Il suffit d’écouter la musique envoûtante de quelques tangos, Carlos Gardel, bien sûr, Astor Piazzolla aussi, et d’autres, qui ont ainsi chanté l’exil, le lointain, l’inaccessible, pour chasser leurs vagues à l’âme, leur mélancolie et vivre le temps d’une chanson dans le bonheur conjugué de leurs souvenirs et de leurs espoirs, pour ressentir la détresse de celui qui croit avoir perdu son pays pour toujours.
Cette conjugaison s’intitule l’espérance. Là où l’âme vibre de se sentir vivante. Le pape François en bon Argentin ressent dans ses veines la migration de ses aïeux vers cet eldorado, l’Argentine. Que cela modifie sa vision du migrant, dont le nom trop générique indique dès le début la difficulté d’en parler, est indéniable et s’avère une clef pour comprendre ses discours erratiques sur le sujet.
L’exil force l’âme à se dévoiler, et à voiler. À dévoiler certaines choses en soi que l’on ne savait pas, que l’on ignorait, que l’on gardait cachées par peur de ce qu’elles pouvaient receler. Face à l’exil, elles sortent de soi comme de rien, deviennent ce qu’elles ont toujours été, et nous dominent. Quel mérite forgé par l’exil en nous, souvent malgré nous, car nous nous y refusions ! L’exil fait tomber une barrière souvent érigée dans l’urgence et sans véritables réflexions. L’homme est un animal à réaction. Lorsqu’il évolue dans son élément habituel, il réagit le plus souvent à ses propres démons, des ressentiments et des mouvements d’humeur. Lorsqu’il sort de son cocon, il réagit pour survivre s’appuyant sur ce en quoi il croit, souvent le fruit de sa culture, mais sa nature n’y est pas étrangère non plus. Cet enracinement le préserve la plupart du temps de la déception de soi, mais pas de la mélancolie, le mal du pays.

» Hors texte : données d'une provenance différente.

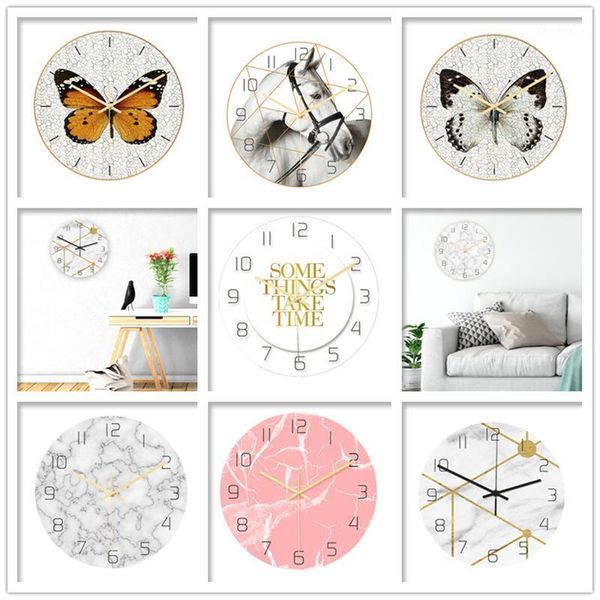 uv printing watch wall clock modern design hanging horse butterfly pink marble reloj pared for bedroom decoration girl rooms art1
uv printing watch wall clock modern design hanging horse butterfly pink marble reloj pared for bedroom decoration girl rooms art1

L’expression, les voyages forment la jeunesse, provient de cette expérience. L’exil oblige le cœur, l’esprit et le corps à communiquer différemment avec l’âme qui se dévoile donc, mais qui demande aussi à voiler des pans de notre personnalité qu’elle tenait pour acquis. Quelquefois, ce sont des pans dévoilés qui viennent voiler d’autres pans. Ce que nous croyons se révèle surestimé.
En exil, les certitudes renaissent, nouvelles.